**WHAT TO PRODUCE**
The lines below, from the one containing "Trousse de premiers" through the one containing "Remera Nike Sportswear", should be set down exactly, with no pictures and nothing else.

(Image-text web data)
########################################
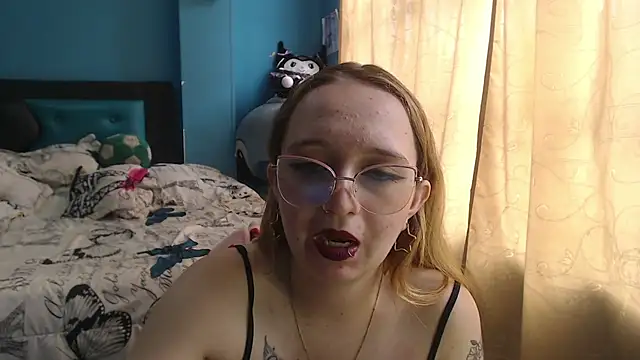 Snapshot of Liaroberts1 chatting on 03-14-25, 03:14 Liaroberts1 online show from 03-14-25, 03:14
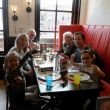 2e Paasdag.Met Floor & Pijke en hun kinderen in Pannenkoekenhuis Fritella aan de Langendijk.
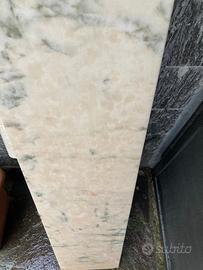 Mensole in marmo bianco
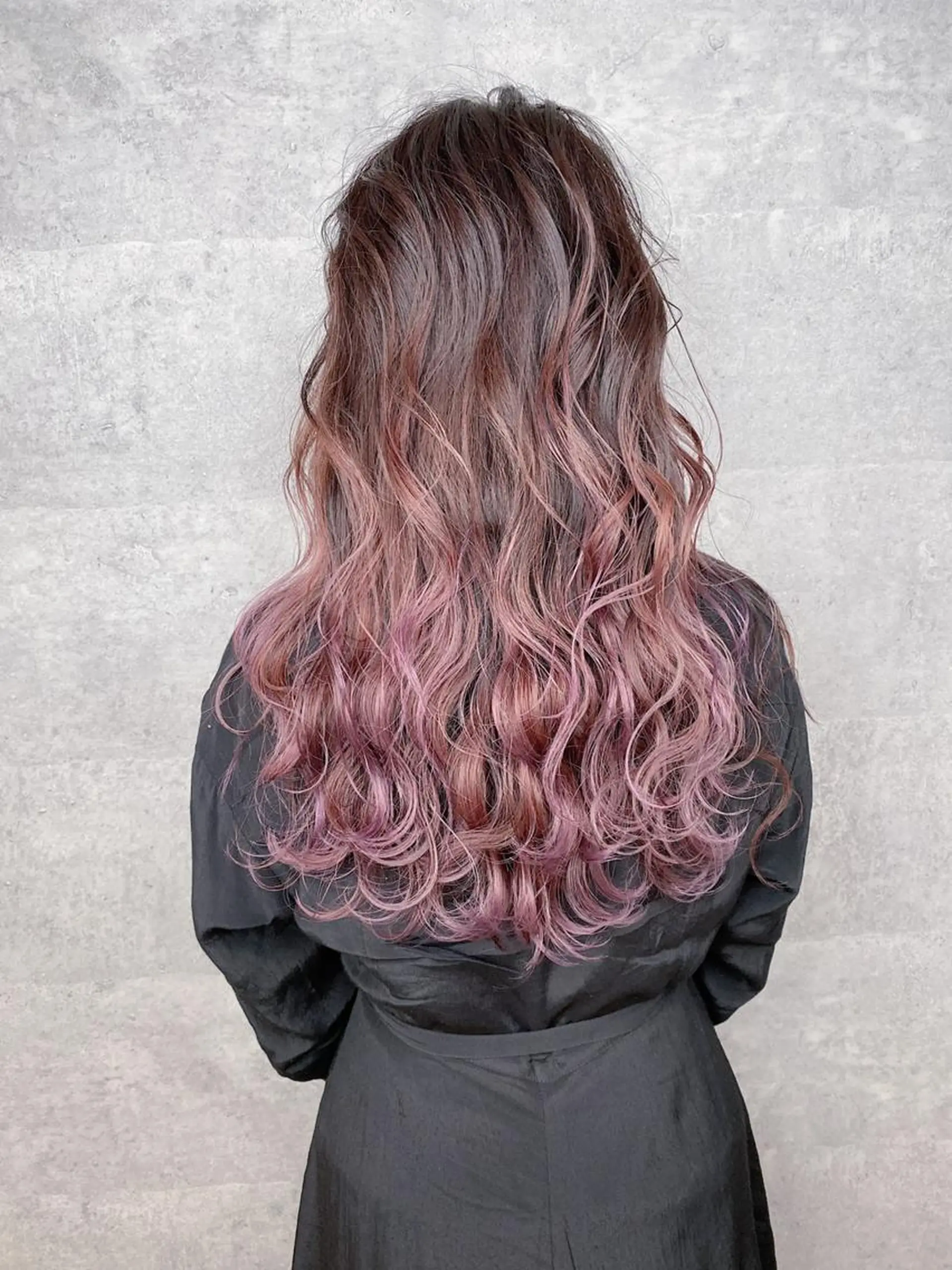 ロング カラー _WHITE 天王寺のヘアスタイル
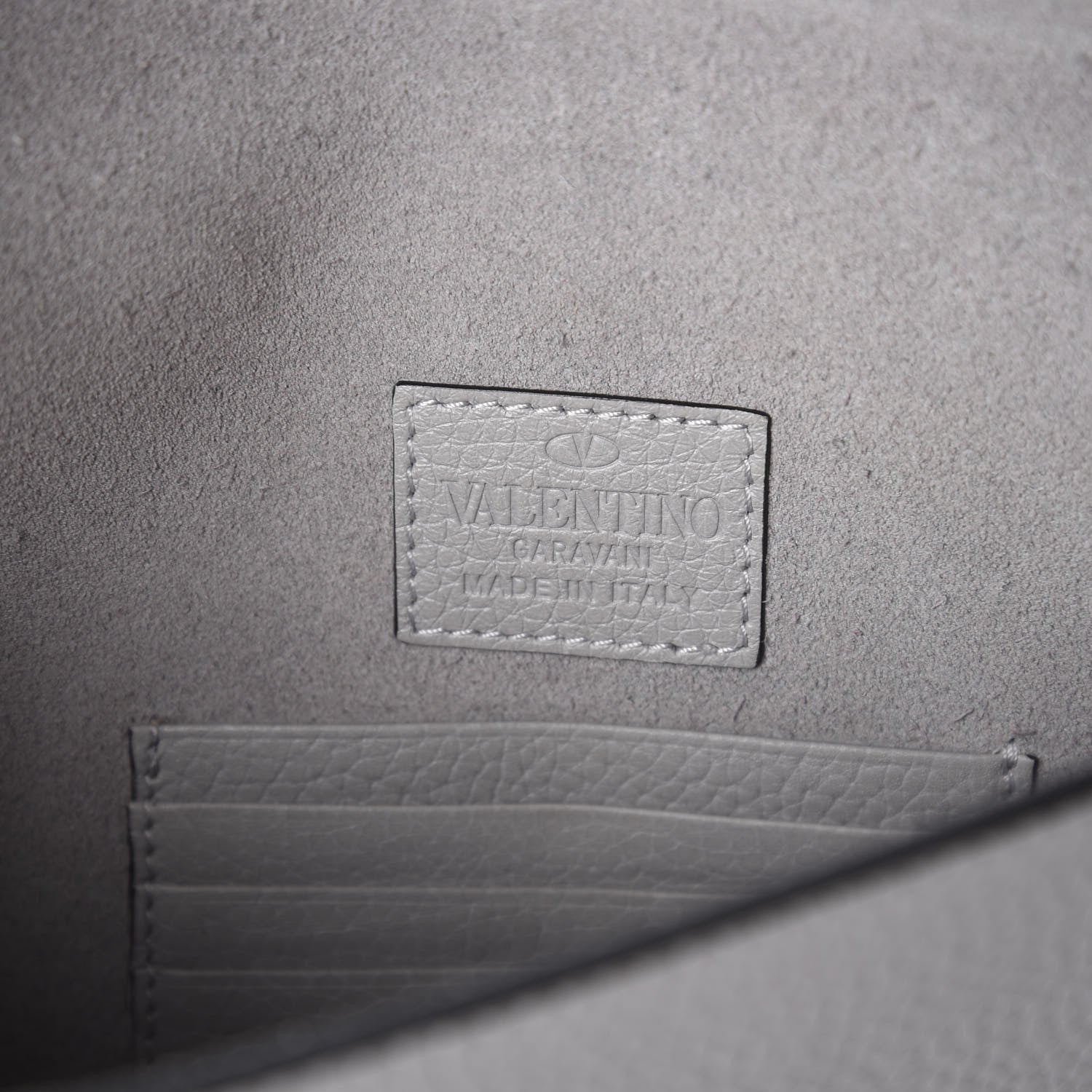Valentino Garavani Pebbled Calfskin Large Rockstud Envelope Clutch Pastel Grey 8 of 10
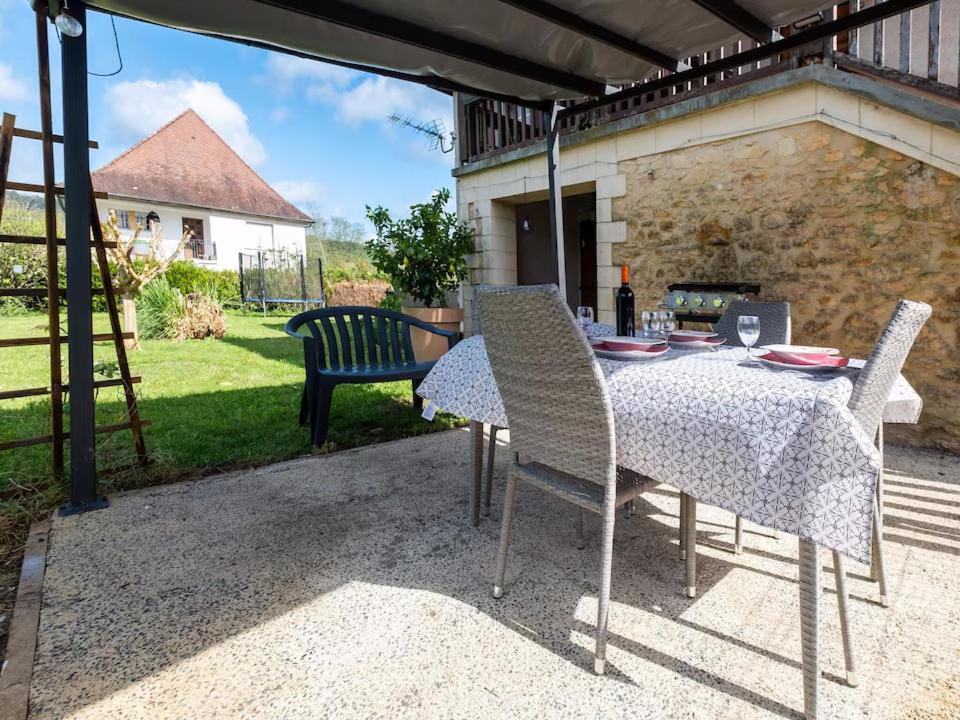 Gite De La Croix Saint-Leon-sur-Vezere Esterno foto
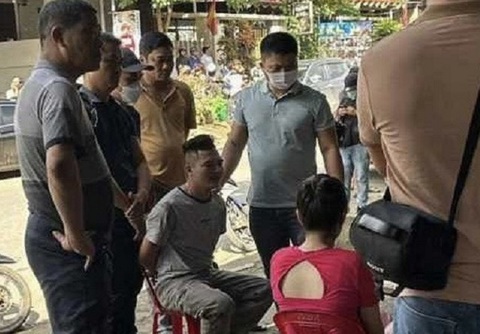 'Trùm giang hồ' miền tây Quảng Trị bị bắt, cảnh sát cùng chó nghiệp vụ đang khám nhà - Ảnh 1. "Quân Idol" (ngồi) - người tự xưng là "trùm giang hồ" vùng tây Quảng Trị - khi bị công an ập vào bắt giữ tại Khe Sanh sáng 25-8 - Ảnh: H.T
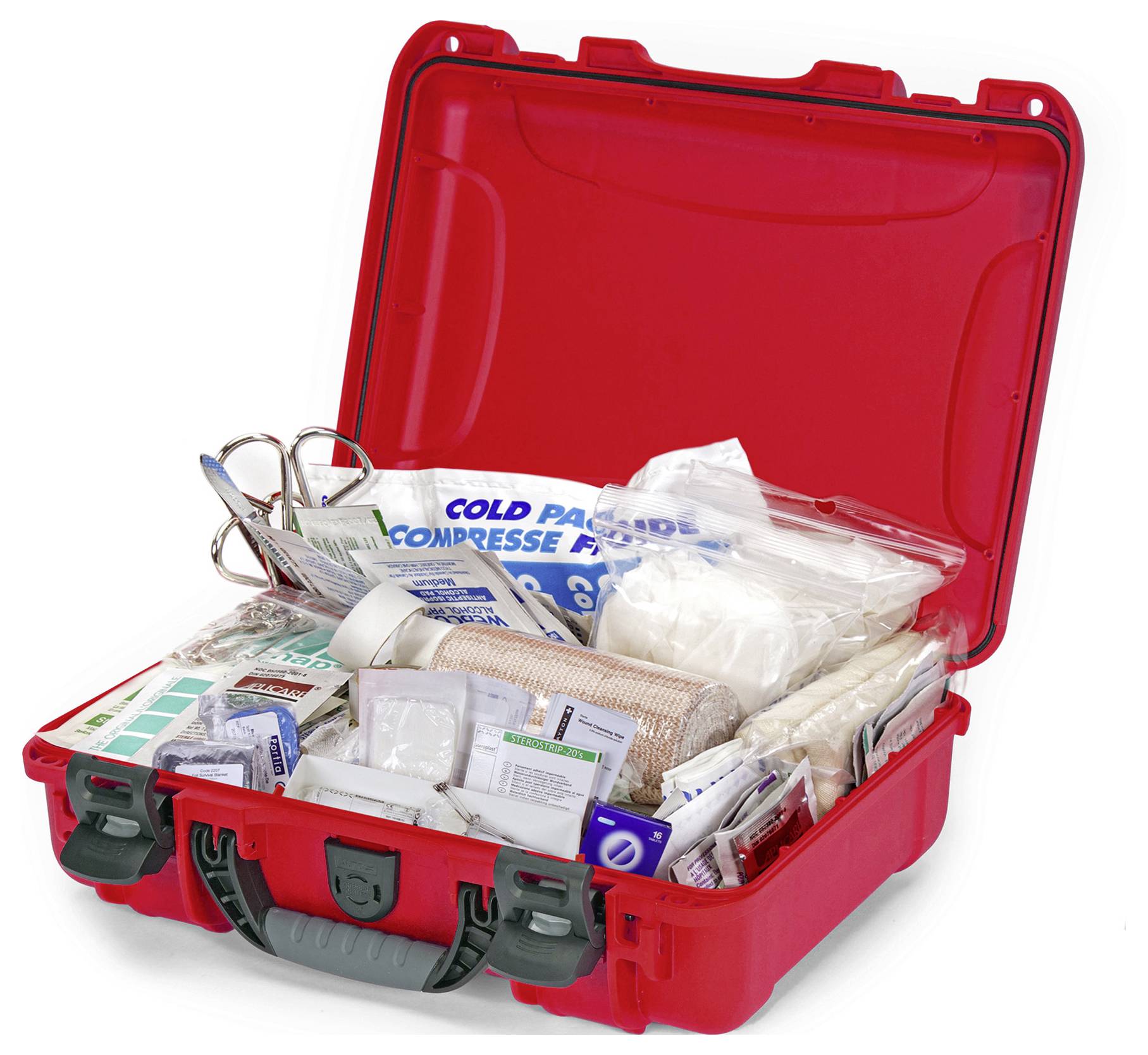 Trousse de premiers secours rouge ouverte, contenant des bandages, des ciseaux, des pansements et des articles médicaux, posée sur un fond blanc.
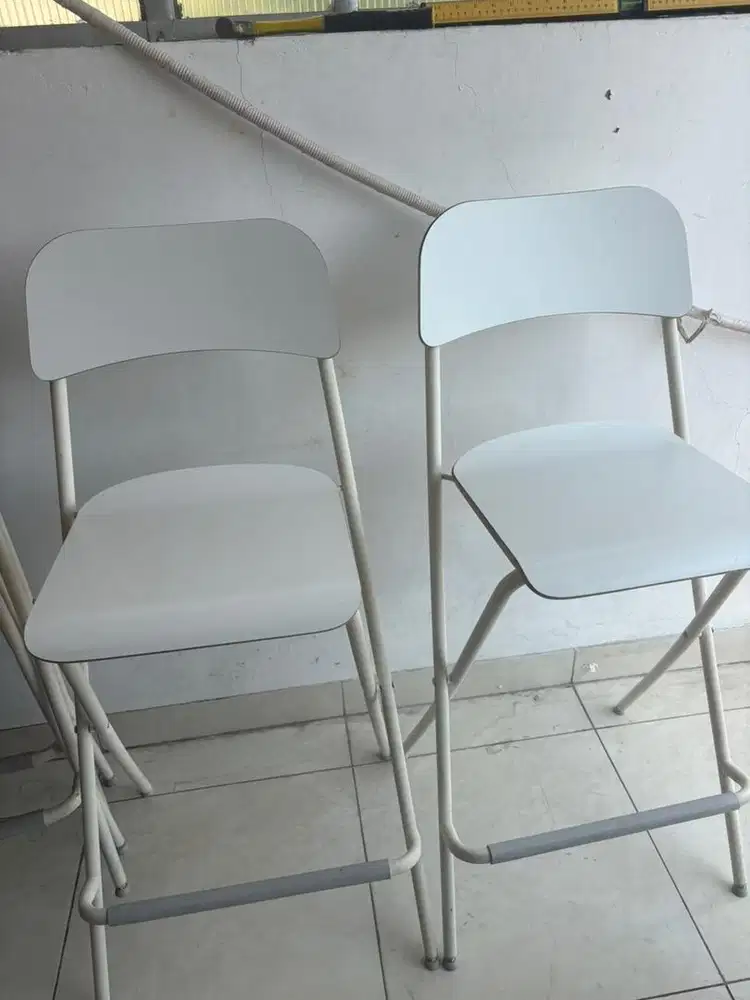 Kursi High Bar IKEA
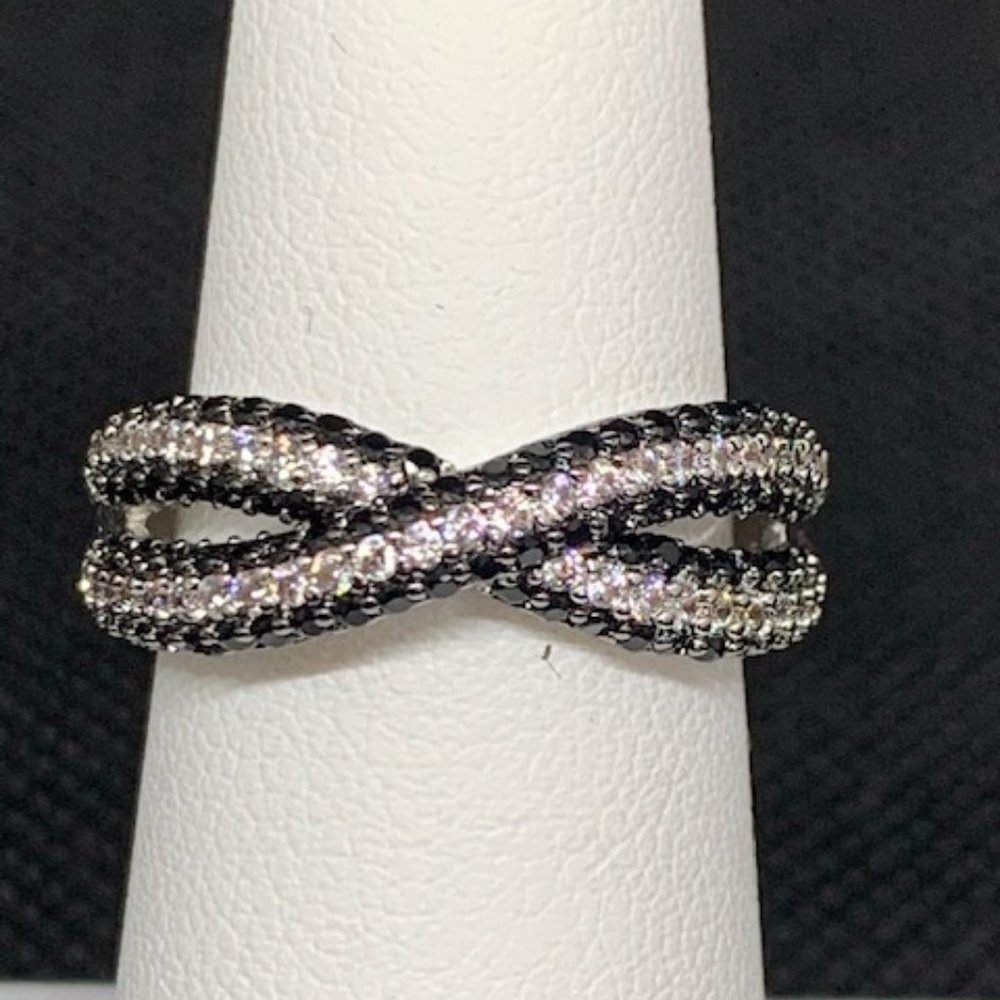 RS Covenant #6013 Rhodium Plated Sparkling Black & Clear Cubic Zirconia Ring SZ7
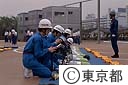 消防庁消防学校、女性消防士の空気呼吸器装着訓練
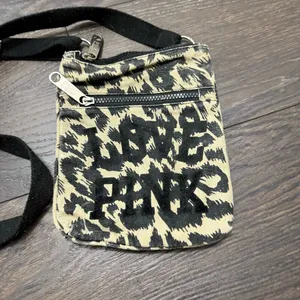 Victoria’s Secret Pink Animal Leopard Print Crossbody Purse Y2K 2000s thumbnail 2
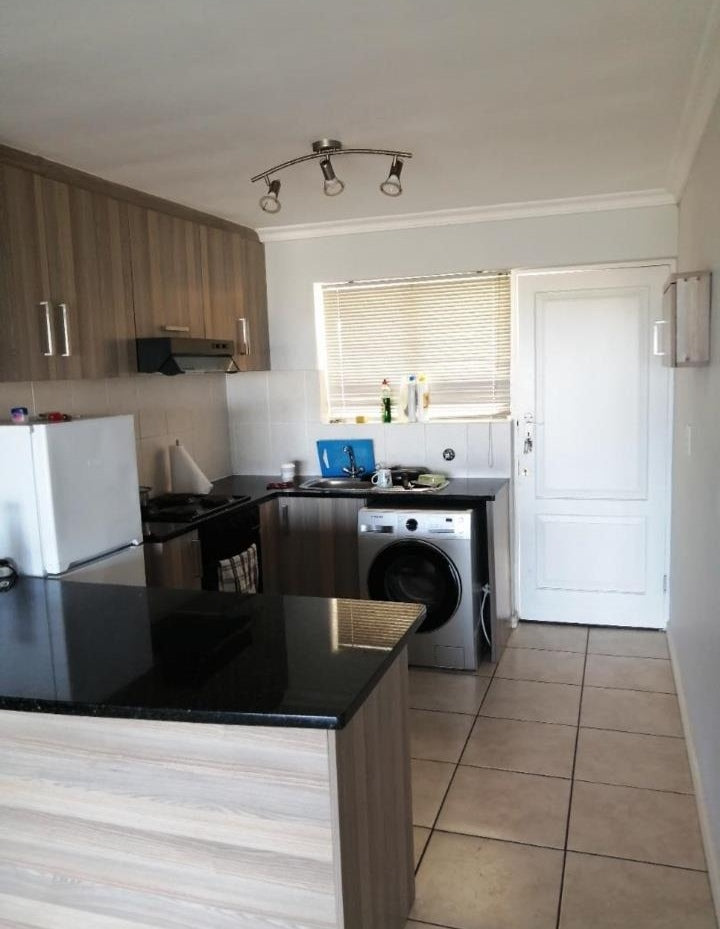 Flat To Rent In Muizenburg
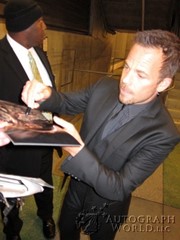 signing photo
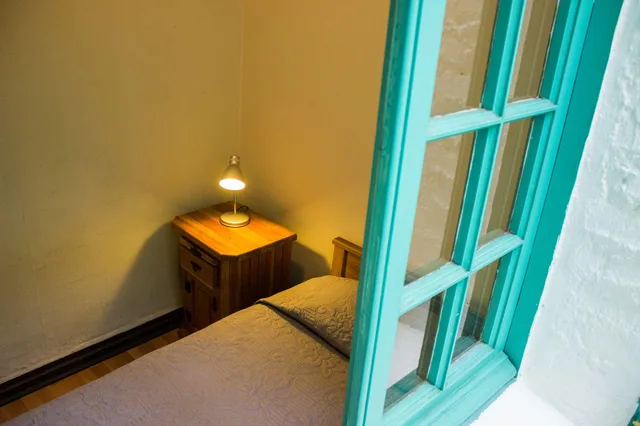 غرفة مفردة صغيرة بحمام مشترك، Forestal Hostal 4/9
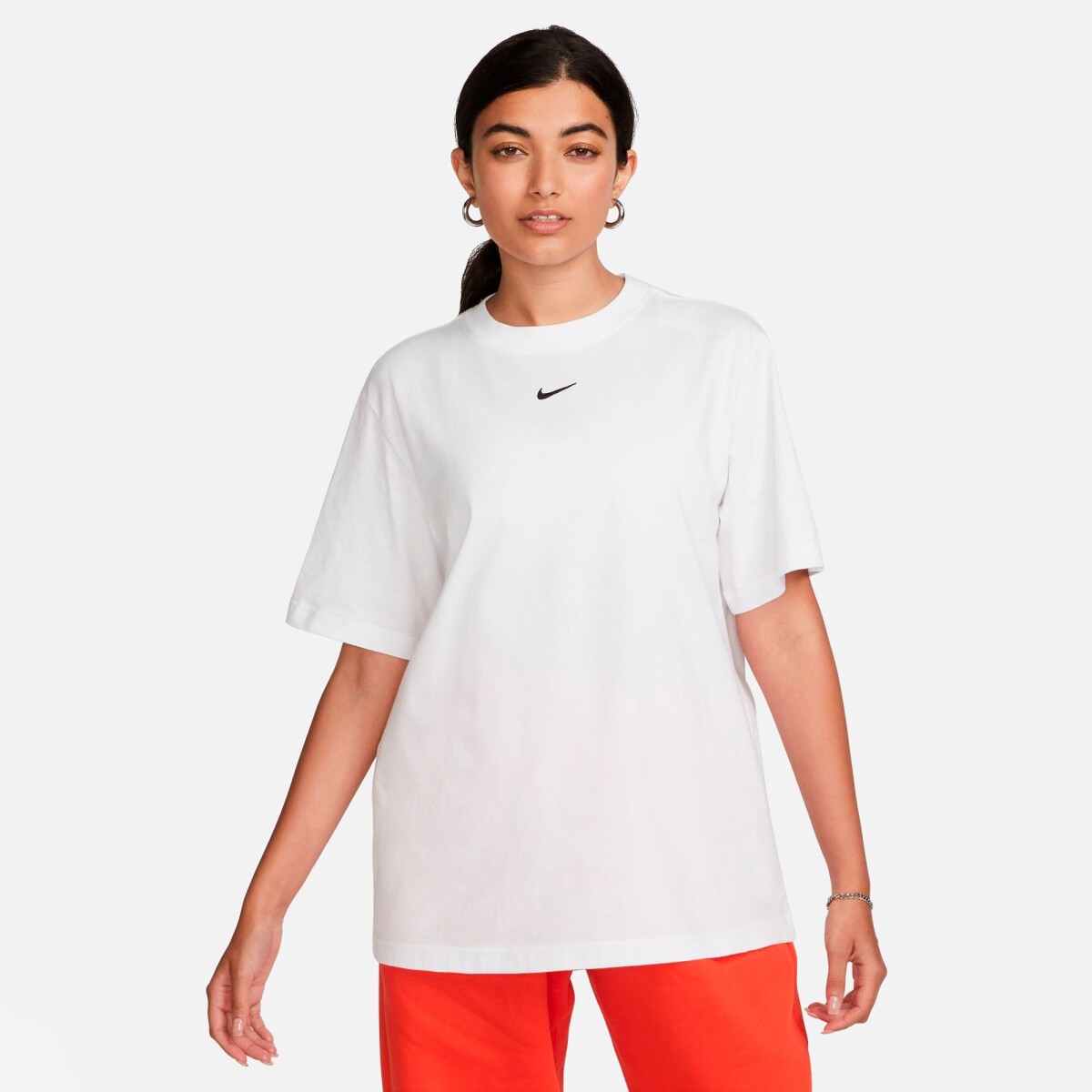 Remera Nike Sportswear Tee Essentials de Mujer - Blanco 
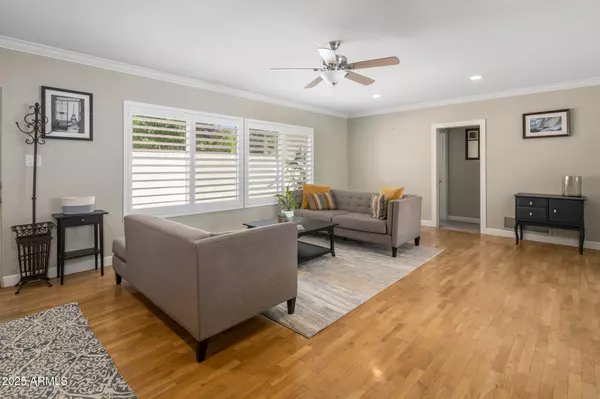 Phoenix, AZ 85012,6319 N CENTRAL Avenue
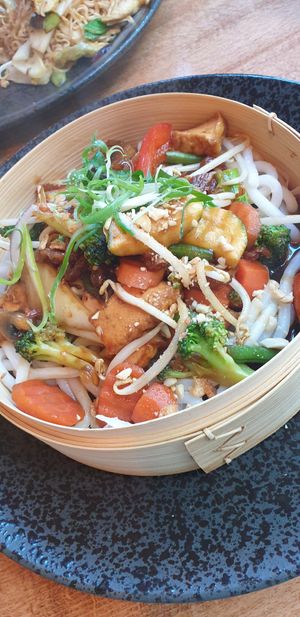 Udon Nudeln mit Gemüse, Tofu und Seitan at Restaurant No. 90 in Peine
########################################
**SOLUTION**
 Trousse de premiers secours rouge ouverte, contenant des bandages, des ciseaux, des pansements et des articles médicaux, posée sur un fond blanc.
 Kursi High Bar IKEA
 RS Covenant #6013 Rhodium Plated Sparkling Black & Clear Cubic Zirconia Ring SZ7
 消防庁消防学校、女性消防士の空気呼吸器装着訓練
 Victoria’s Secret Pink Animal Leopard Print Crossbody Purse Y2K 2000s thumbnail 2
 Flat To Rent In Muizenburg
 signing photo
 غرفة مفردة صغيرة بحمام مشترك، Forestal Hostal 4/9
 Remera Nike Sportswear Tee Essentials de Mujer - Blanco 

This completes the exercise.